Brief descriptive captions:
# # #
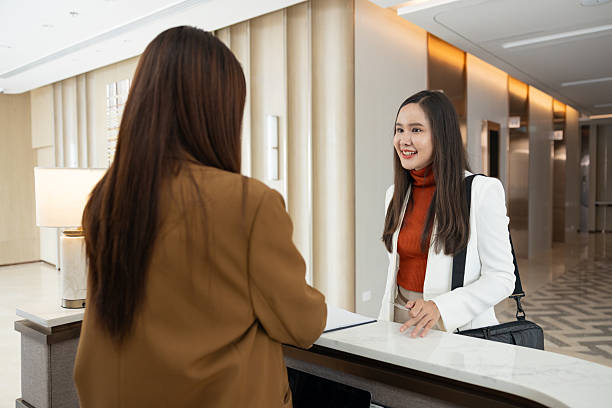 istock Businesswoman checking in at office reception desk 2250159273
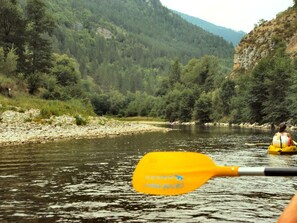 Ein Fluss mit einem Kajak und einem Paddel im Vordergrund.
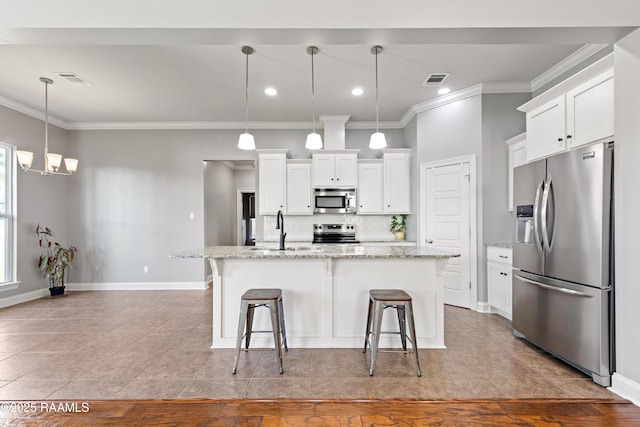 kitchen featuring appliances with stainless steel finishes, a sink, ornamental molding, tasteful backsplash, and a kitchen breakfast bar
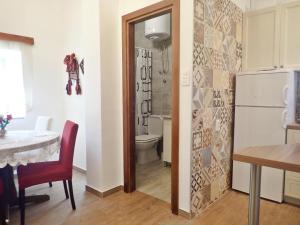 a kitchen with a dining table and a refrigerator at Holiday home in Starigrad-Paklenica 40978 in Starigrad-Paklenica +26 photos
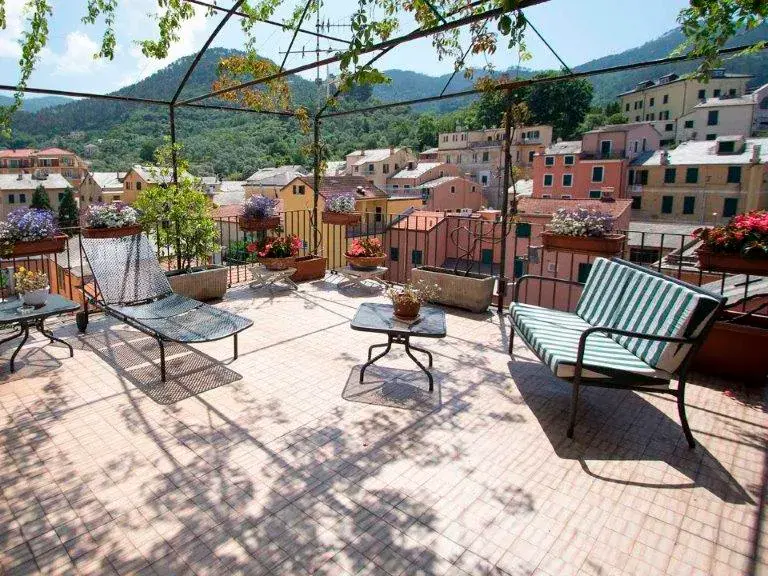 Sonnige Dachterrasse des Hotel Nazionale in Levanto mit Liegestühlen unter Weinreben und Blick auf die farbenfrohen Häuser.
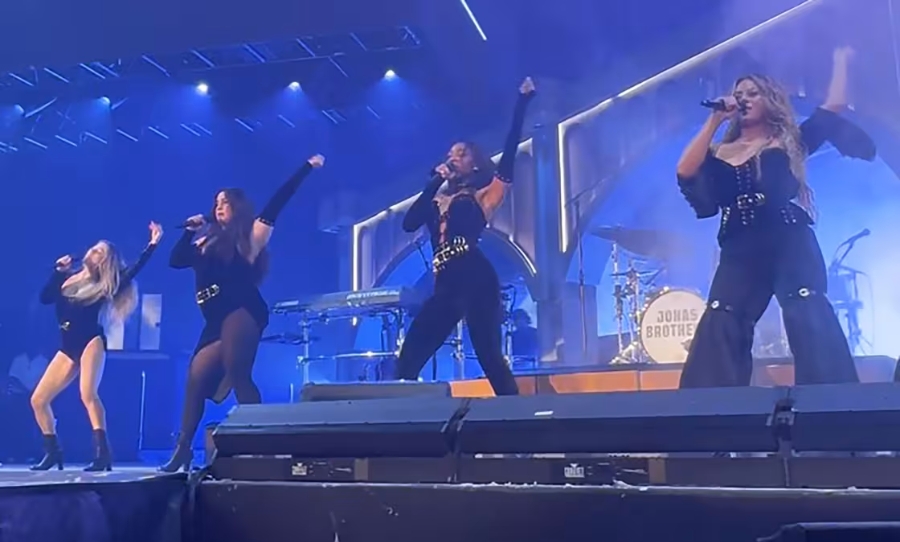 Here’s a descriptive, SEO-friendly alt text for this image: Fifth Harmony perform together on stage during their reunion at a Jonas Brothers concert in Dallas, with all four members singing in coordinated black outfits.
# # #
» AIM OF THE TASK:
Retype the data exactly as it stands, but keep the images out of your copy.

» RESPONSE BELOW:
 istock Businesswoman checking in at office reception desk 2250159273
 Ein Fluss mit einem Kajak und einem Paddel im Vordergrund.
 kitchen featuring appliances with stainless steel finishes, a sink, ornamental molding, tasteful backsplash, and a kitchen breakfast bar
 a kitchen with a dining table and a refrigerator at Holiday home in Starigrad-Paklenica 40978 in Starigrad-Paklenica +26 photos
 Sonnige Dachterrasse des Hotel Nazionale in Levanto mit Liegestühlen unter Weinreben und Blick auf die farbenfrohen Häuser.
 Here’s a descriptive, SEO-friendly alt text for this image: Fifth Harmony perform together on stage during their reunion at a Jonas Brothers concert in Dallas, with all four members singing in coordinated black outfits.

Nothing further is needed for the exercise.